I have a 30 min MP3 that I would like to split up into 4 different MP3's something like mp3splitter for windows
thax for any suggestions at all


----------



## slur (Feb 15, 2003)

You can do this with iTunes.

- Select the track you want to split
- Use Get Info and change the start/end time of the track (in the Options tab)
- Choose 'Convert to MP3' from the Advanced menu

After this you'll have two MP3 tracks with the same name, but the new one will be a portion of the original track. Repeat the procedure to save another slice.


----------



## frog_always (Feb 15, 2003)

THANX


----------



## mo14k (Mar 28, 2011)

slur said:


> You can do this with iTunes.
> 
> - Select the track you want to split
> - Use Get Info and change the start/end time of the track (in the Options tab)
> ...



I've signed up to this Forum... JUST to thank you!!!

Thank you so much!!!

I literally spent all of last night trying to find a mp3 splitter for Mac.
Then tried Cue splitting.
Then tried Paralleling a Windows Mp3 cutter.
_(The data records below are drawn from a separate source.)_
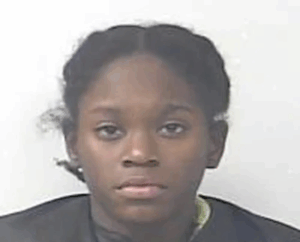 Ouch! Florida Wingstop Worker Allegedly Throws Hot Oil on Customers in Viral Video, But That’s Not All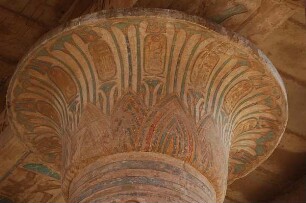 Luxor - Säulenkapitell : Farbiges Säulenkapitell im Ramesseum-Tempel des Pharao Ramses II. in Theben-West, aufgenommen 2006 bei Luxor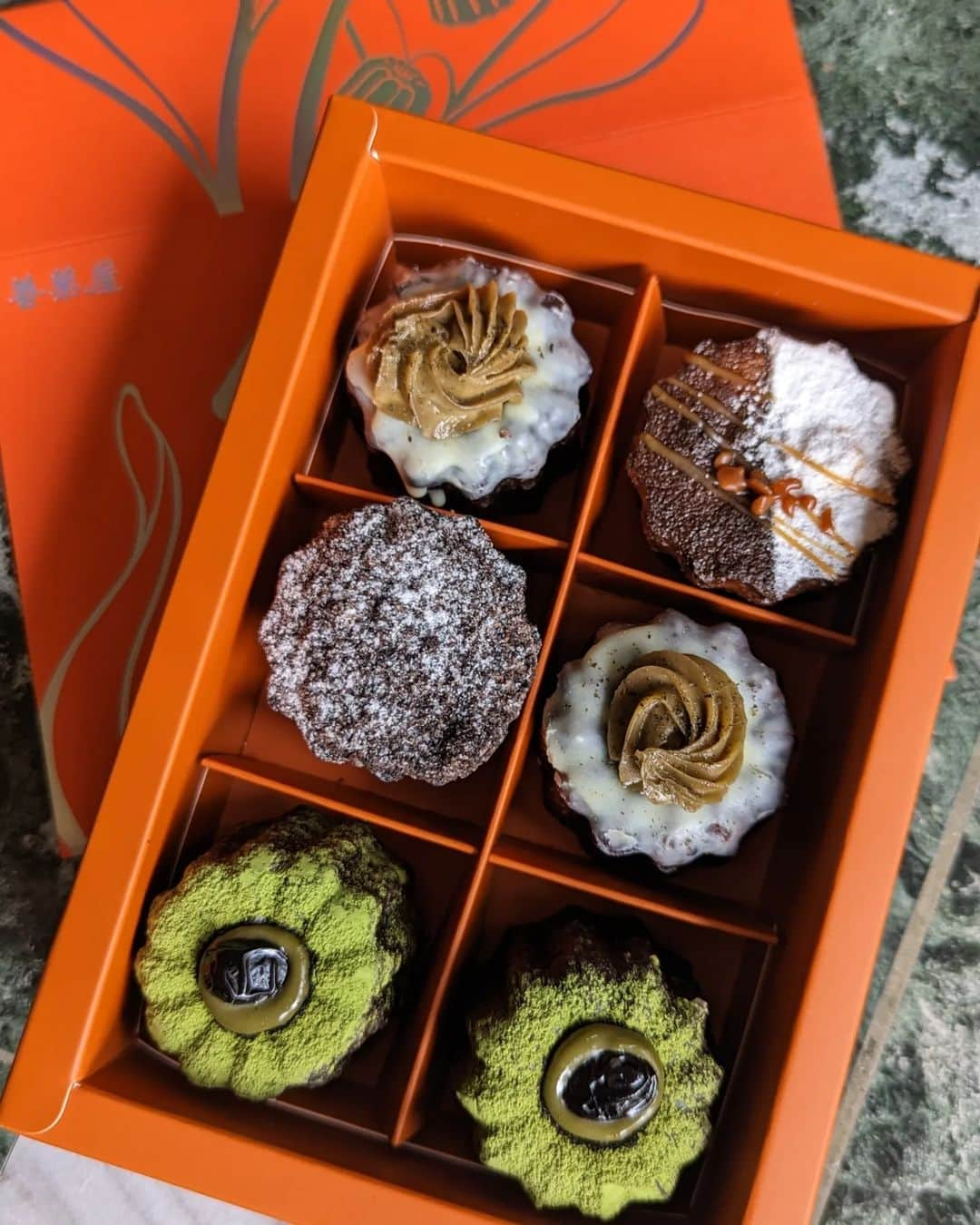 Li Tian の雑貨屋さんのインスタグラム写真 - (Li Tian の雑貨屋Instagram)「the beauty of caneles   looks like the canele wave is going strong in Taiwan...and Japan. Managed to grab a box from an average bakery (not any patisserie) but these were surprisingly good. Not much variation in terms of flavors, i.e  oreo cookies, caramel' matcha but there was one that stood out -- Jasmine Tea.   📍 @sharingnature2018 松江店： 台北市中山區松江路99號1樓 新光三越信義A11店：台北市信義區松壽路11號B2 新光三越南西店： 新光三越台北南西店三館   #dairycreameatstw #taiwan #台北美食 #sgfoodies #台湾 #yummy #igfood #viral  #foodporn  #instafood #burpple #sgfoodies #gourmet #eatlocal  #bonappetit #snack #台湾美食 #travel  #台北甜點  #抹茶 #pastry  #desserts #pastries #matcha #caneles」4月28日 16時18分 - dairyandcream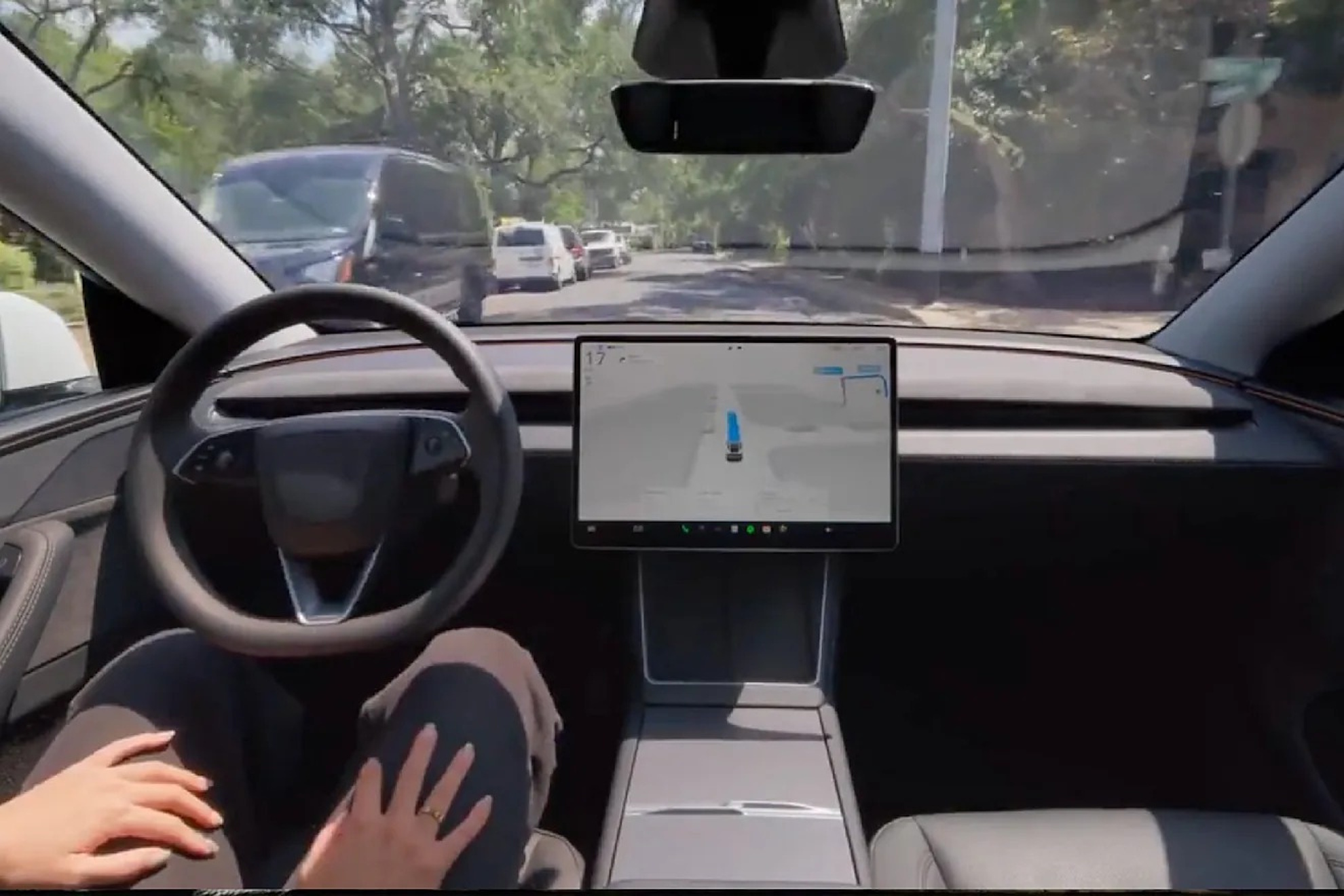 The viral and controversial video of a drunk man riding in his Tesla relying on the self-driving system: Take me home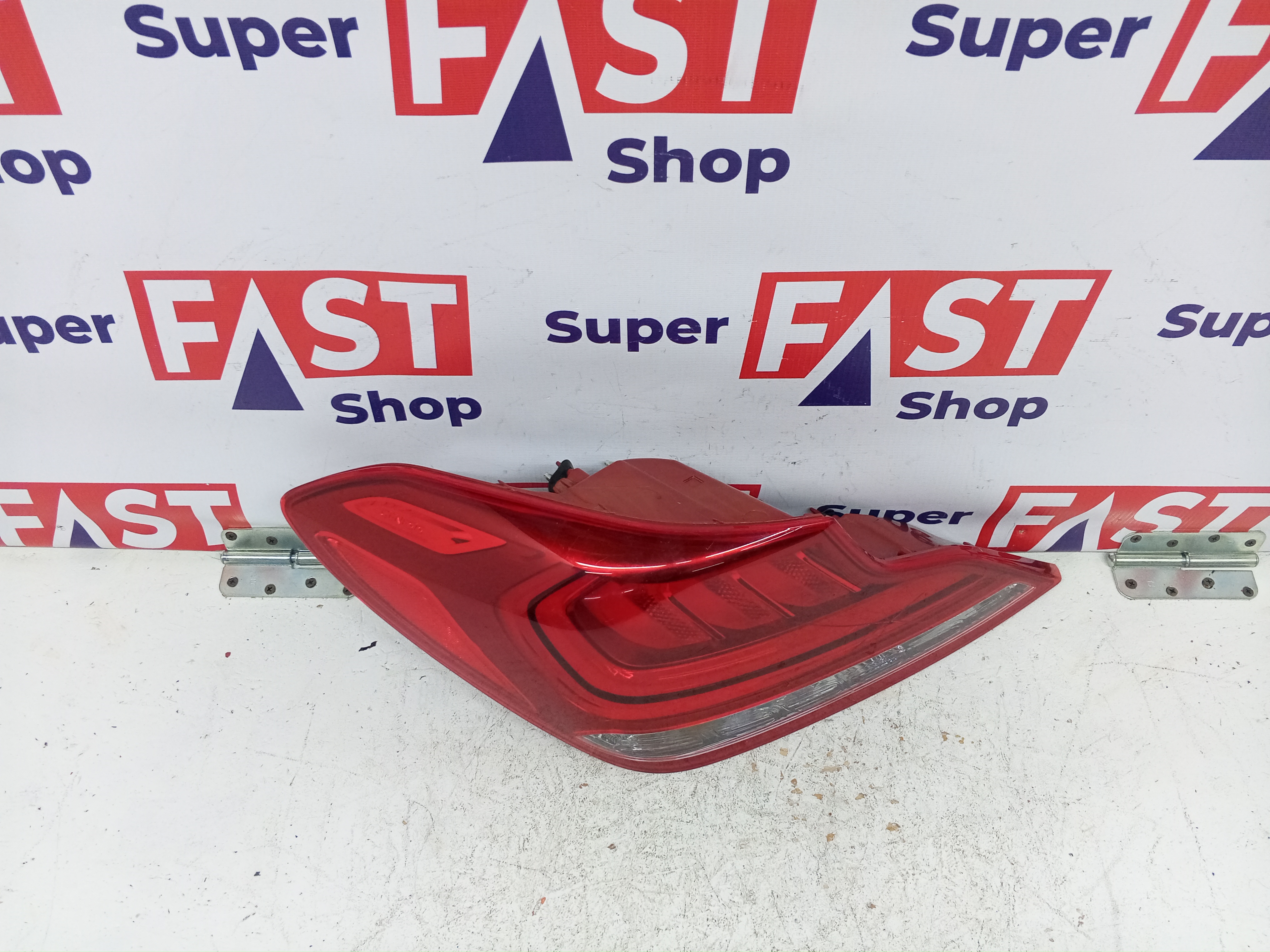 задний левый фонарь Genesis G70 2017-2021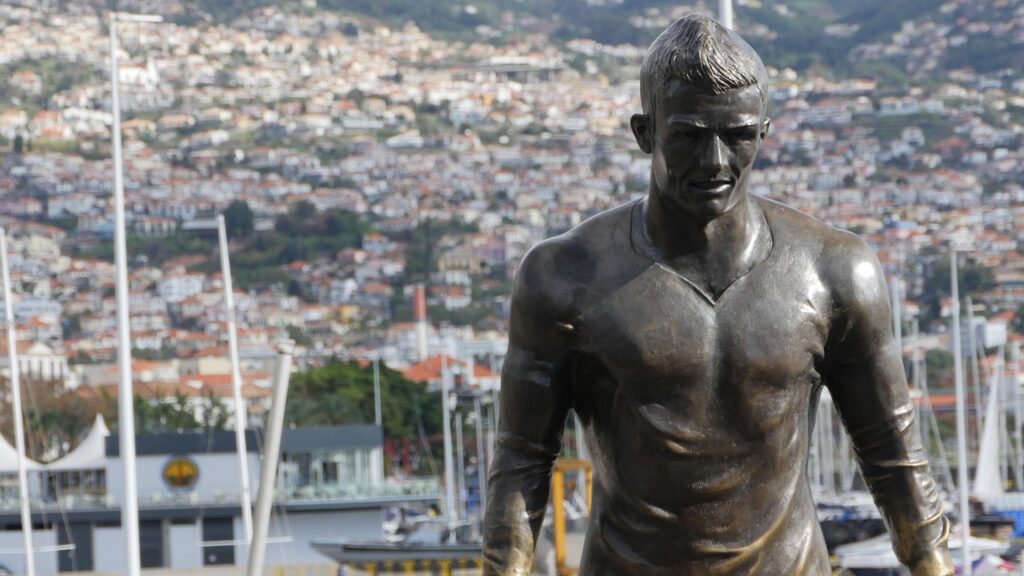Inline news image for Tears and Triumph: Inside the Viral Encounter Between Cristiano Ronaldo and Belgian Creator Céline Dept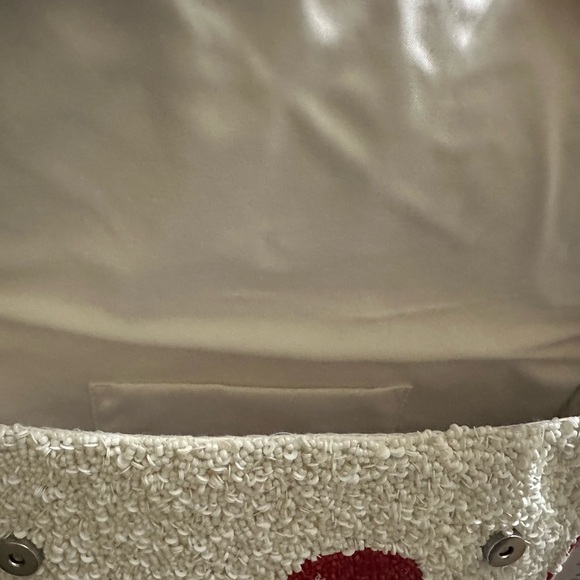 *Viral *Hard to Find *Sold out Everywhere beaded Tomato Design Shoulder Bag - Picture 4 of 5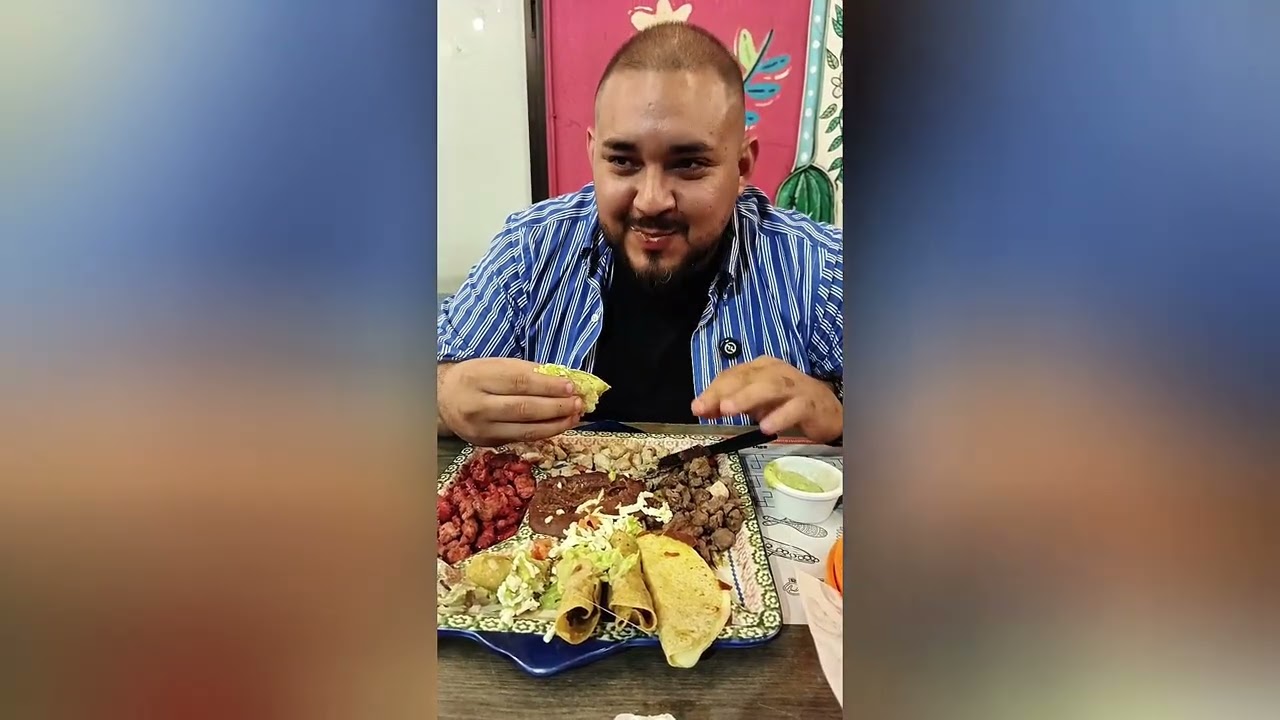 Probando comida Mexicana en tierras Ecuatorianas que Sabroso🤤🤤 #fypシ #mexico #viral #parati 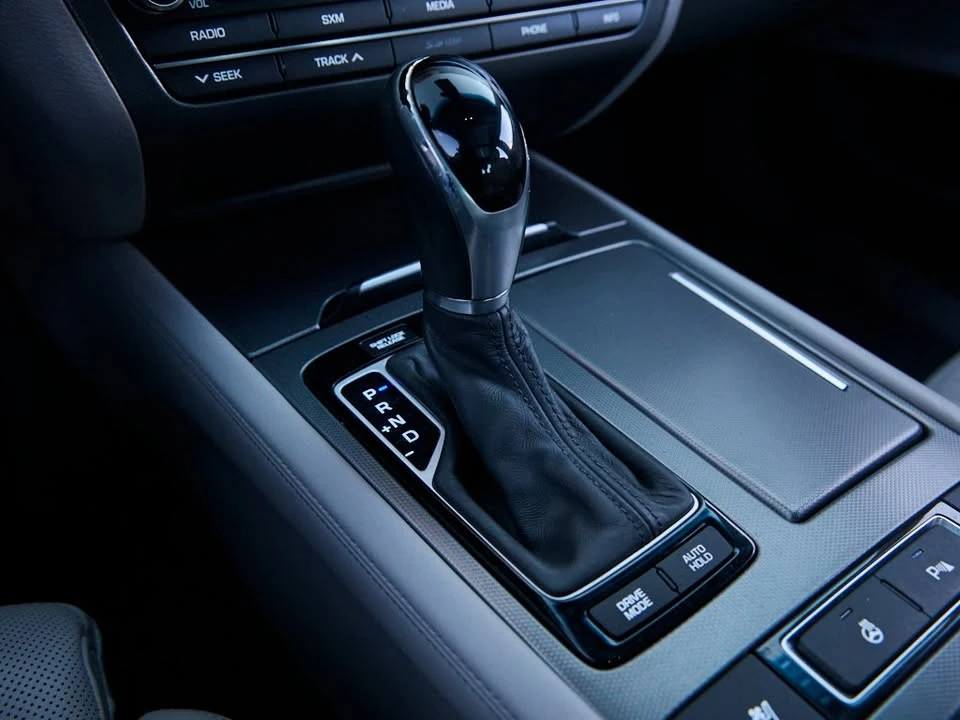 2016 Hyundai Genesis - Image 13 of 14
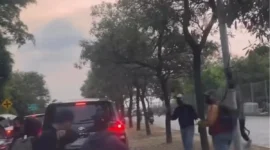 Gerombolan pelajar membawa senjata tajam di kawasan PIK Penjaringan, Jakarta Utara, saat video aksinya viral di media sosial. (Posnews/Instagram)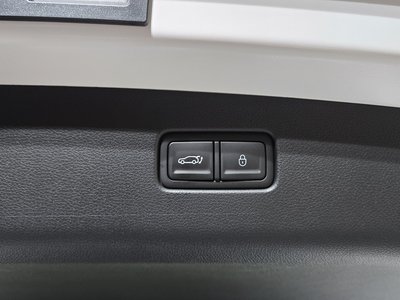 2025 Genesis GV70 thumbnail 18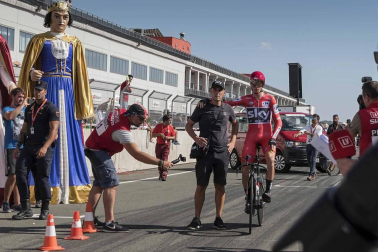 Imágenes del paso de La Vuelta por el Circuito de los Arcos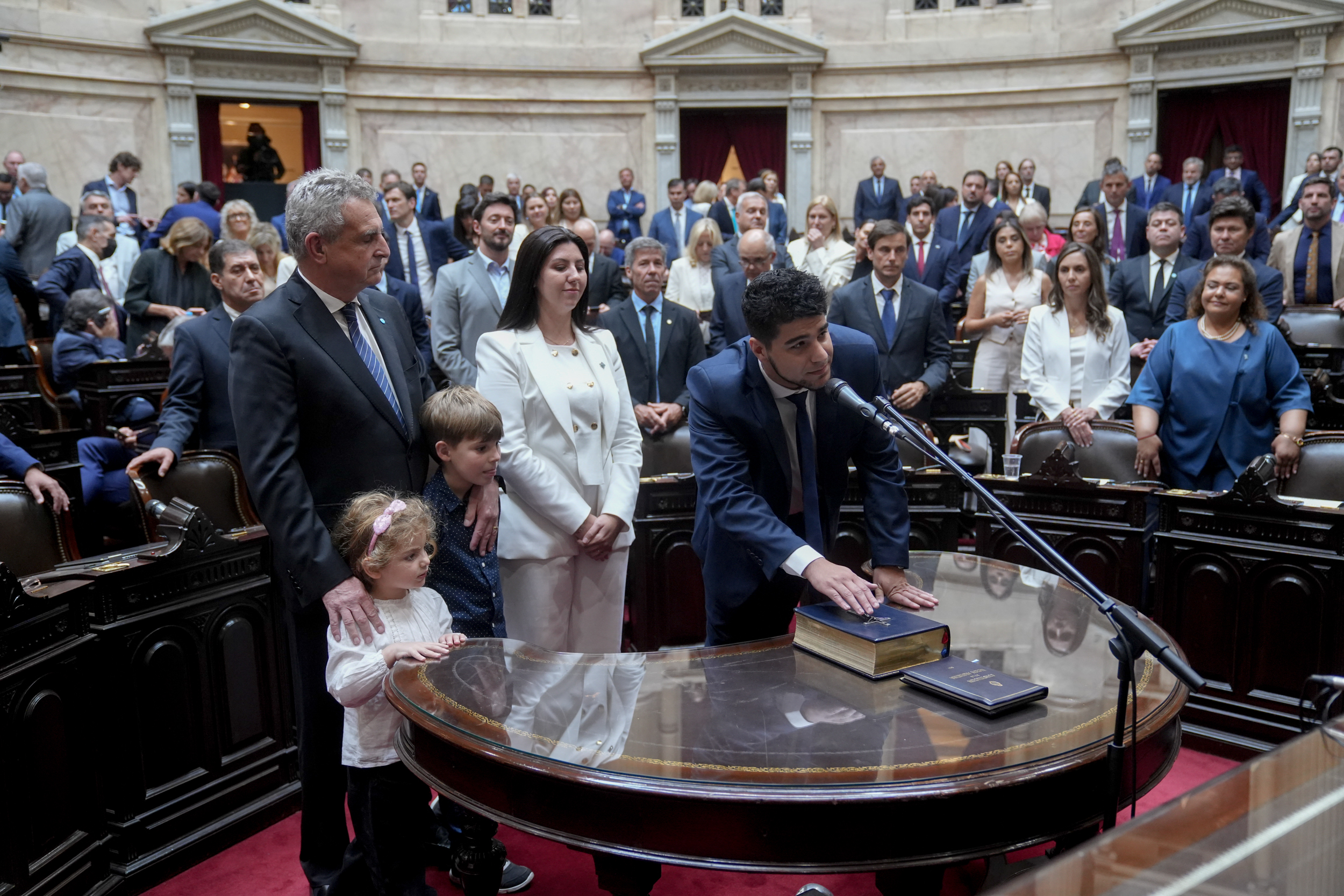 Galeria de imagenes de la noticia CON LA PRESENCIA DEL PRESIDENTE DE LA NACIÓN, JURARON LOS NUEVOS DIPUTADOS Y MARTÍN MENEM FUE REELECTO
To then miraculously stumble across this post and find that iTunes was the EASIEST way... BY FAR!!!

Thanks. I've repped you!!!


----------



## Tromano (Nov 10, 2011)

Hi there, trying to figure this out for myself on a mac---i have a one hour audio file that needs to be broken up into five minute bits. it's already an mp3 so the convert open isn't there.


----------